A truck trailer rollaway can happen when a forklift operator attempts to drive his forklift onto the back of a trailer docked at a loading dock—a task that most forklift operators do dozens of times every day. When a truck driver or warehouse worker fails to properly secure the truck trailer to the dock, the force of a forklift entering can cause the trailer to rollaway from the dock.

As a result, the forklift and the person operating it can drop five feet onto the pavement below. You can imagine that when a 9,000 pound forklift crashes onto the ground, the forklift operator can suffer serious spinal injuries.

Safety Training is Key to Preventing Forklift Injury Accidents

If everyone did their job correctly, truck trailer rollaways would never occur. When a trailer is backed up to a loading dock, there are several mechanical methods to guarantee that a trailer won’t roll away from the dock when a forklift drives on board. First, the truck driver should set or lock his truck’s airbrakes. Setting the truck’s brakes takes no more than a couple of seconds and is second nature for properly trained truck drivers.

Truck Chocks

Next, the truck driver or a designated warehouse worker should apply rubber chocks to the truck’s tires. Chocks, like the ones above, are wedged underneath the rear tires of the trailer to prevent the wheels from rolling. Like applying the brakes, using chocks guarantees that the trailer won’t roll away when a forklift enters it. Again, this securement method takes mere seconds.

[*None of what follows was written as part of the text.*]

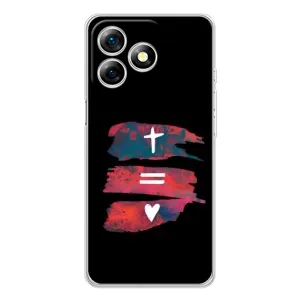 Чохли для Ulefone Note 18 Pro (Для Християн) (Атрибутика)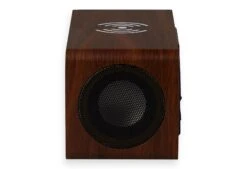 Digitaler Holz Wecker 15 Digitaler Holz Wecker -Bettwäsche Verkauf wooden clock zijkant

Every safe trucking company in the country has a policy requiring its drivers to lock their brakes AND chock their wheels when securing a truck to a dock. 

Despite the two methods that both prevent rollaways and protect forklift operators, truck trailer rollaway accidents still happen every day across the country. Why? In many cases, it’s because that particular driver was in a hurry or was improperly trained.

A Real Look at a Forklift Injury Case

In July, we resolved a forklift injury case in which the truck driver failed to set his brakes and failed to chock his wheels. Making matters worse, he filled out paperwork indicating that he had utilized both of the securement methods, AND that it was safe for our client to drive onto the back of this trailer.

When the driver handed the falsified paperwork to our client, he sealed our client’s fate. The moment our client attempted to drive onto the trailer, it rolled away and our client was left with permanent injuries that rendered him unable to continue working as a forklift operator.

In that case, the driver testified that the company provided him no training on the importance of chocking and locking his trailer.

Until all trucking companies properly train their drivers to lock their brakes and chock their wheels, trailer rollaways will happen every day—and more forklift operators will suffer serious permanent spinal injuries.